The following constitutes Amendment No. 1 to the Schedule 13D filed by the undersigned (“Amendment No. 1”).  This Amendment No. 1 amends the Schedule 13D as specifically set forth.

Purpose of Transaction

Item 4 is hereby amended and restated to read as follows:

The Reporting Persons are engaged in the investment business.  In pursuing this business, the Reporting Persons analyze the operations, capital structure and markets of companies, including the Issuer, on a continuous basis through analysis of documentation and discussions with knowledgeable industry and market observers and with representatives of such companies.

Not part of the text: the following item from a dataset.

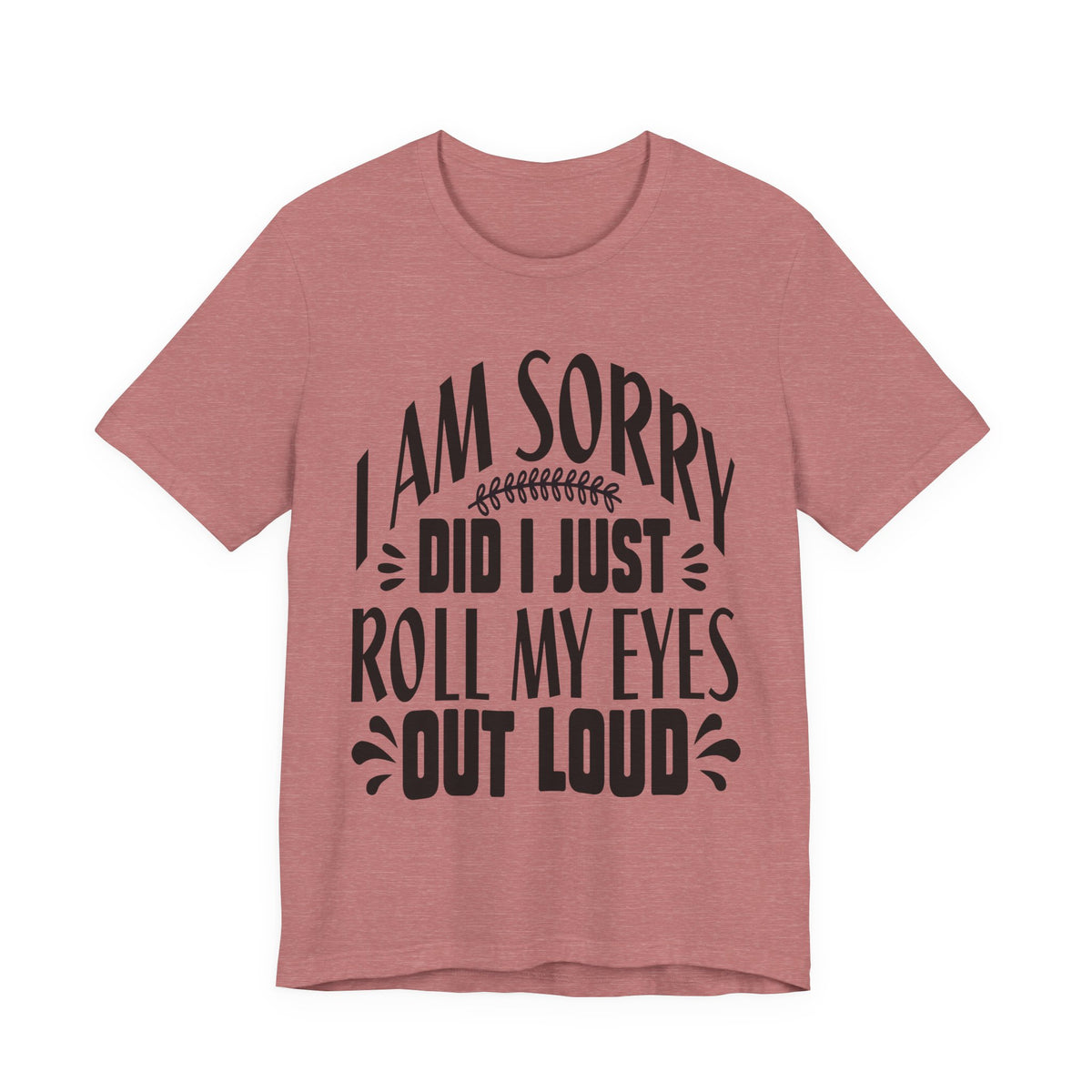 I Am Sorry Did I Just Roll My Eyes Out Loud T‑Shirt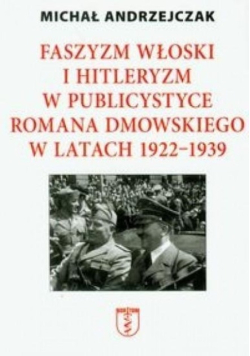 Faszyzm włoski i hitleryzm w publicystyce Romana Dmowskiego w latach 1922 1939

The Reporting Persons purchased the shares of Common Stock based on the Reporting Persons’ belief that the shares of Common Stock, when purchased, were undervalued and represented an attractive investment opportunity.  No Reporting Person has any present plan or proposal which would relate to or result in any of the matters set forth in subparagraphs (a) - (j) of Item 4 of Schedule 13D except as set forth herein or such as would occur upon completion of any of the actions discussed herein.

On September 21, 2009, a wholly-owned subsidiary of Biogen Idec Inc. (“Biogen Idec”) commenced an unsolicited tender offer for the Issuer at a price of $14.50 per share, which the Issuer’s Board of Directors unanimously rejected in a Schedule 14D-9 filing with the Securities and Exchange Commission on October 1, 2009. On December 3, 2009, Biogen Idec increased the price of its tender offer to $17.50 per share, which the Issuer’s Board of Directors unanimously rejected in an amendment to its Schedule 14D-9 filing on December 10, 2009.  Biogen Idec’s tender offer is set to expire on December 16, 2009 unless extended.  The Reporting Persons have communicated to the Issuer that the Reporting Persons do not intend to tender their shares in the proposed offer at $17.50 per share.  The Reporting Persons do not believe the extraordinary upside potential of the Issuer is adequately reflected in the current tender offer.  The Reporting Persons believe that a transaction structure, with Biogen Idec or another party, that provides for meaningful participation by the Issuer’s shareholders in the future success of the Issuer’s existing drug candidates could be in the interest of all parties.  Depending on the specific terms, the Reporting Persons could be supportive of such a transaction.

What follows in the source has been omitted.